Brief descriptive captions
· · · ·
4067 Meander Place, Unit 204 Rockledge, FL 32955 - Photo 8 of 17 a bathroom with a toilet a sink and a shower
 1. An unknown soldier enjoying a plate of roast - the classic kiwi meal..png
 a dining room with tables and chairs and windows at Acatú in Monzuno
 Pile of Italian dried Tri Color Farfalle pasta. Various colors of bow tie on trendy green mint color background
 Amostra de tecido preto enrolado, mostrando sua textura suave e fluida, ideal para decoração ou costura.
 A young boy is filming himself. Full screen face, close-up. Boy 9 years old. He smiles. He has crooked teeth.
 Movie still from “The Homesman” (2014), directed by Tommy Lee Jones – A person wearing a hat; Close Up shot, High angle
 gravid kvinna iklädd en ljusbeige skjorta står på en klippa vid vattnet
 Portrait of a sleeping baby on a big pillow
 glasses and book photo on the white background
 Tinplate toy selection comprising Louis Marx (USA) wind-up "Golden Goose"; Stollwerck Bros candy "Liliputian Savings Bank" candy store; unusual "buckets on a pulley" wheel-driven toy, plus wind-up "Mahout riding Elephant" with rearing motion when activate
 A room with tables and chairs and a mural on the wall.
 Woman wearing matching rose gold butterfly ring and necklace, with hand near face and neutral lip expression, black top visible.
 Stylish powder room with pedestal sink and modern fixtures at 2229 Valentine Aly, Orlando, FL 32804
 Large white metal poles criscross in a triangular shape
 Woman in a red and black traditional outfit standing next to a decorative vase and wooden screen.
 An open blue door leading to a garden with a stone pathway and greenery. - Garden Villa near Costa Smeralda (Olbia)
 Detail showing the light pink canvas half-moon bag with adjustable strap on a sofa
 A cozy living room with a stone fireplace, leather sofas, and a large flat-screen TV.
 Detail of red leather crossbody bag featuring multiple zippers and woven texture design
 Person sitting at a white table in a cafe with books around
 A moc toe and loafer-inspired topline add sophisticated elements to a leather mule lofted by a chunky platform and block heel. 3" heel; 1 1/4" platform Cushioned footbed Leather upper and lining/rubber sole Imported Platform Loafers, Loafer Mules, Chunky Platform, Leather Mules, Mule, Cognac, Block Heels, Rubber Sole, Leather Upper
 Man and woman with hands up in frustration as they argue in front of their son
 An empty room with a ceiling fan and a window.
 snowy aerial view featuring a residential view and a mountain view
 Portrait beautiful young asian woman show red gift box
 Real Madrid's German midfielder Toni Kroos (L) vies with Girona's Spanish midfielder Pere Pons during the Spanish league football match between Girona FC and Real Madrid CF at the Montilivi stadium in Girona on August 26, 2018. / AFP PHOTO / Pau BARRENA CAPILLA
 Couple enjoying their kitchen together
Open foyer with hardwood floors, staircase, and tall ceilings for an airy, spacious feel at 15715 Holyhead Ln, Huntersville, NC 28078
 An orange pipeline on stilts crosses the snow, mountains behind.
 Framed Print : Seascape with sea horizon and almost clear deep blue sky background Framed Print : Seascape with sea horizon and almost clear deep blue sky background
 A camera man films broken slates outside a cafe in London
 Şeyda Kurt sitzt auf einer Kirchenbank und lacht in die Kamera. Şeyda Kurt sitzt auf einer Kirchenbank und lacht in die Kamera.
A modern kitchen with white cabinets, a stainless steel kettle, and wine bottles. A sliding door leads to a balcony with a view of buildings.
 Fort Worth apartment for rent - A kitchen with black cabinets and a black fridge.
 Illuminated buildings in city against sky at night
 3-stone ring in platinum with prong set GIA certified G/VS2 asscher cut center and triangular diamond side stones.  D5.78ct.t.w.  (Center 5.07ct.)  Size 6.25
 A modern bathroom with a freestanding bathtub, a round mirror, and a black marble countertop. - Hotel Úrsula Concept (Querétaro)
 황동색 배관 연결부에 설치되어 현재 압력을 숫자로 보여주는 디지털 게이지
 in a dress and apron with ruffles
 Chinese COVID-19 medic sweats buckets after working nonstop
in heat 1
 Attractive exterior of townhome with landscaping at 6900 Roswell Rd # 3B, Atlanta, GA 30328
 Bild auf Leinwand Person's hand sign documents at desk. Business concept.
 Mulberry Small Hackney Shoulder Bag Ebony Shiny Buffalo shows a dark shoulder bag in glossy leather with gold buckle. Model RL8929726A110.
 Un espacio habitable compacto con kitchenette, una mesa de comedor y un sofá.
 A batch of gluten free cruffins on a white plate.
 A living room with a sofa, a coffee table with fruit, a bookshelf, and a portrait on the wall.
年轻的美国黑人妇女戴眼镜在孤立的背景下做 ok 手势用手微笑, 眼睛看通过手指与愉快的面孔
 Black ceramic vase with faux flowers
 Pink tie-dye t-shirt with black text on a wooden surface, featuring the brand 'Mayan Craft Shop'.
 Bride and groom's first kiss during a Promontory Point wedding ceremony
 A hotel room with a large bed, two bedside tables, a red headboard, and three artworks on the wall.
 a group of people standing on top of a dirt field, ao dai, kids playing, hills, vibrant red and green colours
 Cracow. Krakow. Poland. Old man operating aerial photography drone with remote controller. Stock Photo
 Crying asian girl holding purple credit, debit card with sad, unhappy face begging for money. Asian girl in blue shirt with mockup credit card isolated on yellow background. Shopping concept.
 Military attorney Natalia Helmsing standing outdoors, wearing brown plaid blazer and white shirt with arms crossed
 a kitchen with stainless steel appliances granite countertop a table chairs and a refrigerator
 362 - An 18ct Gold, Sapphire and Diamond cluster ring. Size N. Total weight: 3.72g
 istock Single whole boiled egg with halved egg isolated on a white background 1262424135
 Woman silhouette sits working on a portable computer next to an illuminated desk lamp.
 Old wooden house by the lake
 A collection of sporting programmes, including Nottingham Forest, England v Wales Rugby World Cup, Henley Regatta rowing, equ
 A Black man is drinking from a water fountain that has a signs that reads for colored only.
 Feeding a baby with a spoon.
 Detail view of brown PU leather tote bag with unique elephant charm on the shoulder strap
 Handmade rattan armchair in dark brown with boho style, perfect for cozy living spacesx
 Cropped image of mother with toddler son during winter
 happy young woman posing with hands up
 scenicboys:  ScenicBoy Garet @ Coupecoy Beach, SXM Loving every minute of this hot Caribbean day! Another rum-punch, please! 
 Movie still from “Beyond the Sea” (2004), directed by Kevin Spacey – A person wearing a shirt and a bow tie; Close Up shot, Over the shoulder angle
· · · ·
Exercise instructions -> Repeat the records exactly, including every line.

Your response ->
4067 Meander Place, Unit 204 Rockledge, FL 32955 - Photo 8 of 17 a bathroom with a toilet a sink and a shower
 1. An unknown soldier enjoying a plate of roast - the classic kiwi meal..png
 a dining room with tables and chairs and windows at Acatú in Monzuno
 Pile of Italian dried Tri Color Farfalle pasta. Various colors of bow tie on trendy green mint color background
 Amostra de tecido preto enrolado, mostrando sua textura suave e fluida, ideal para decoração ou costura.
 A young boy is filming himself. Full screen face, close-up. Boy 9 years old. He smiles. He has crooked teeth.
 Movie still from “The Homesman” (2014), directed by Tommy Lee Jones – A person wearing a hat; Close Up shot, High angle
 gravid kvinna iklädd en ljusbeige skjorta står på en klippa vid vattnet
 Portrait of a sleeping baby on a big pillow
 glasses and book photo on the white background
 Tinplate toy selection comprising Louis Marx (USA) wind-up "Golden Goose"; Stollwerck Bros candy "Liliputian Savings Bank" candy store; unusual "buckets on a pulley" wheel-driven toy, plus wind-up "Mahout riding Elephant" with rearing motion when activate
 A room with tables and chairs and a mural on the wall.
 Woman wearing matching rose gold butterfly ring and necklace, with hand near face and neutral lip expression, black top visible.
 Stylish powder room with pedestal sink and modern fixtures at 2229 Valentine Aly, Orlando, FL 32804
 Large white metal poles criscross in a triangular shape
 Woman in a red and black traditional outfit standing next to a decorative vase and wooden screen.
 An open blue door leading to a garden with a stone pathway and greenery. - Garden Villa near Costa Smeralda (Olbia)
 Detail showing the light pink canvas half-moon bag with adjustable strap on a sofa
 A cozy living room with a stone fireplace, leather sofas, and a large flat-screen TV.
 Detail of red leather crossbody bag featuring multiple zippers and woven texture design
 Person sitting at a white table in a cafe with books around
 A moc toe and loafer-inspired topline add sophisticated elements to a leather mule lofted by a chunky platform and block heel. 3" heel; 1 1/4" platform Cushioned footbed Leather upper and lining/rubber sole Imported Platform Loafers, Loafer Mules, Chunky Platform, Leather Mules, Mule, Cognac, Block Heels, Rubber Sole, Leather Upper
 Man and woman with hands up in frustration as they argue in front of their son
 An empty room with a ceiling fan and a window.
 snowy aerial view featuring a residential view and a mountain view
 Portrait beautiful young asian woman show red gift box
 Real Madrid's German midfielder Toni Kroos (L) vies with Girona's Spanish midfielder Pere Pons during the Spanish league football match between Girona FC and Real Madrid CF at the Montilivi stadium in Girona on August 26, 2018. / AFP PHOTO / Pau BARRENA CAPILLA
 Couple enjoying their kitchen together
Open foyer with hardwood floors, staircase, and tall ceilings for an airy, spacious feel at 15715 Holyhead Ln, Huntersville, NC 28078
 An orange pipeline on stilts crosses the snow, mountains behind.
 Framed Print : Seascape with sea horizon and almost clear deep blue sky background Framed Print : Seascape with sea horizon and almost clear deep blue sky background
 A camera man films broken slates outside a cafe in London
 Şeyda Kurt sitzt auf einer Kirchenbank und lacht in die Kamera. Şeyda Kurt sitzt auf einer Kirchenbank und lacht in die Kamera.
A modern kitchen with white cabinets, a stainless steel kettle, and wine bottles. A sliding door leads to a balcony with a view of buildings.
 Fort Worth apartment for rent - A kitchen with black cabinets and a black fridge.
 Illuminated buildings in city against sky at night
 3-stone ring in platinum with prong set GIA certified G/VS2 asscher cut center and triangular diamond side stones.  D5.78ct.t.w.  (Center 5.07ct.)  Size 6.25
 A modern bathroom with a freestanding bathtub, a round mirror, and a black marble countertop. - Hotel Úrsula Concept (Querétaro)
 황동색 배관 연결부에 설치되어 현재 압력을 숫자로 보여주는 디지털 게이지
 in a dress and apron with ruffles
 Chinese COVID-19 medic sweats buckets after working nonstop
in heat 1
 Attractive exterior of townhome with landscaping at 6900 Roswell Rd # 3B, Atlanta, GA 30328
 Bild auf Leinwand Person's hand sign documents at desk. Business concept.
 Mulberry Small Hackney Shoulder Bag Ebony Shiny Buffalo shows a dark shoulder bag in glossy leather with gold buckle. Model RL8929726A110.
 Un espacio habitable compacto con kitchenette, una mesa de comedor y un sofá.
 A batch of gluten free cruffins on a white plate.
 A living room with a sofa, a coffee table with fruit, a bookshelf, and a portrait on the wall.
年轻的美国黑人妇女戴眼镜在孤立的背景下做 ok 手势用手微笑, 眼睛看通过手指与愉快的面孔
 Black ceramic vase with faux flowers
 Pink tie-dye t-shirt with black text on a wooden surface, featuring the brand 'Mayan Craft Shop'.
 Bride and groom's first kiss during a Promontory Point wedding ceremony
 A hotel room with a large bed, two bedside tables, a red headboard, and three artworks on the wall.
 a group of people standing on top of a dirt field, ao dai, kids playing, hills, vibrant red and green colours
 Cracow. Krakow. Poland. Old man operating aerial photography drone with remote controller. Stock Photo
 Crying asian girl holding purple credit, debit card with sad, unhappy face begging for money. Asian girl in blue shirt with mockup credit card isolated on yellow background. Shopping concept.
 Military attorney Natalia Helmsing standing outdoors, wearing brown plaid blazer and white shirt with arms crossed
 a kitchen with stainless steel appliances granite countertop a table chairs and a refrigerator
 362 - An 18ct Gold, Sapphire and Diamond cluster ring. Size N. Total weight: 3.72g
 istock Single whole boiled egg with halved egg isolated on a white background 1262424135
 Woman silhouette sits working on a portable computer next to an illuminated desk lamp.
 Old wooden house by the lake
 A collection of sporting programmes, including Nottingham Forest, England v Wales Rugby World Cup, Henley Regatta rowing, equ
 A Black man is drinking from a water fountain that has a signs that reads for colored only.
 Feeding a baby with a spoon.
 Detail view of brown PU leather tote bag with unique elephant charm on the shoulder strap
 Handmade rattan armchair in dark brown with boho style, perfect for cozy living spacesx
 Cropped image of mother with toddler son during winter
 happy young woman posing with hands up
 scenicboys:  ScenicBoy Garet @ Coupecoy Beach, SXM Loving every minute of this hot Caribbean day! Another rum-punch, please! 
 Movie still from “Beyond the Sea” (2004), directed by Kevin Spacey – A person wearing a shirt and a bow tie; Close Up shot, Over the shoulder angle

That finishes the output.